The Batman's New Stripped-Down Batmobile Is A Beast

No bat-gadget makes fans drool more than an updated Batmobile. In 1989, Tim Burton's "Batman" went for the wow factor with a baroque vehicle every bit as gothic as the city around it.

The problem with this ostentatious automobile and the subsequent bulky tanks of Christopher Nolan's Batman universe is the fact they're just too cool. In the real world, Batman would draw so much rubbernecking attention with these flashy whips he'd never make it to a crime scene on time.

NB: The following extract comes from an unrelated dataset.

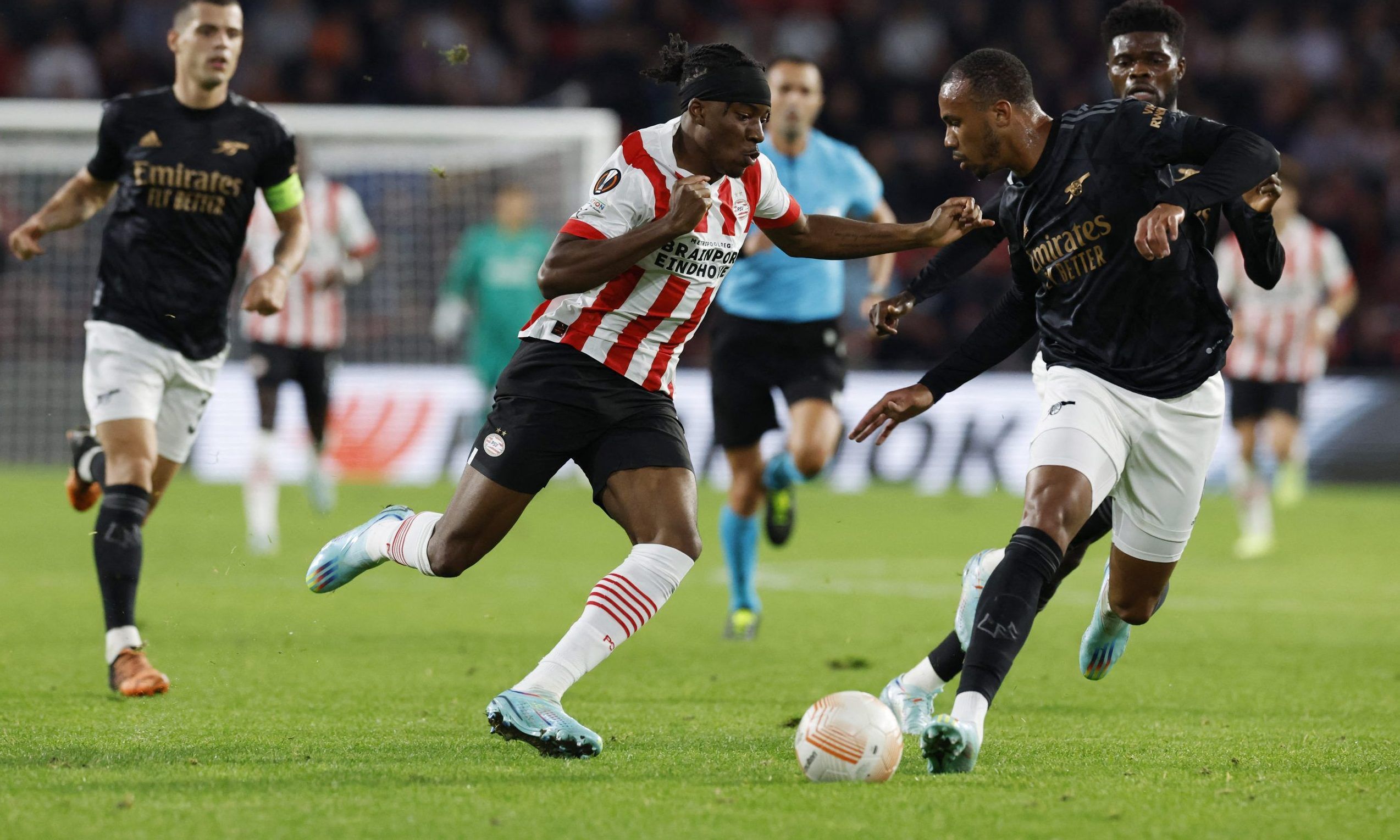 Soccer Football - Europa League - Group A - PSV Eindhoven v Arsenal - Philips Stadion, Eindhoven, Netherlands - October 27, 2022  PSV Eindhoven's Noni Madueke in action with Arsenal's Gabriel and Thomas Partey REUTERS/Piroschka Van De Wouw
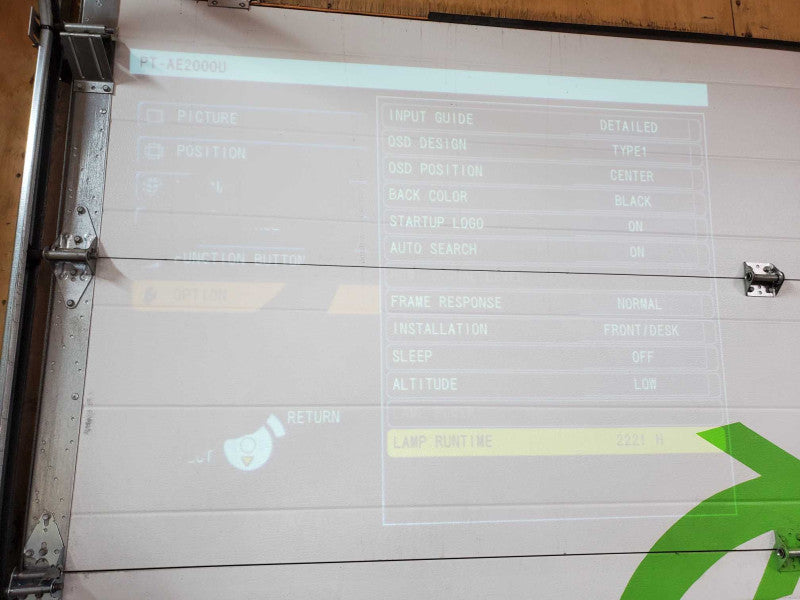 Panasonic LCD projector PT-AE2000U, 2221 Hrs Lamp runtime, Read _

Director Matt Reeves' hyper-realistic script addresses this objection by having Robert Pattinson mostly cruising around Gotham on a nondescript dirt bike. However, in early scenes, we see there is, hidden beneath a tarp, a car clearly under construction in Batman's cave. This excellent teaser follows the logic of Chekhov's gun and foreshadows the best action sequence of the film in which the boxy 1970's-style muscle car finally bursts from the shadows for a fiery chase with the Penguin. The car is powered with a real Chevy V8 but was otherwise made custom for the film. According to production designer James Chinlund, the car's build was the first thing he talked about with Reeves. This fledgling Dark Knight is only in year two of his career, and this Batmobile needed to look like a car a gearhead Bruce Wayne could've plausibly put together himself.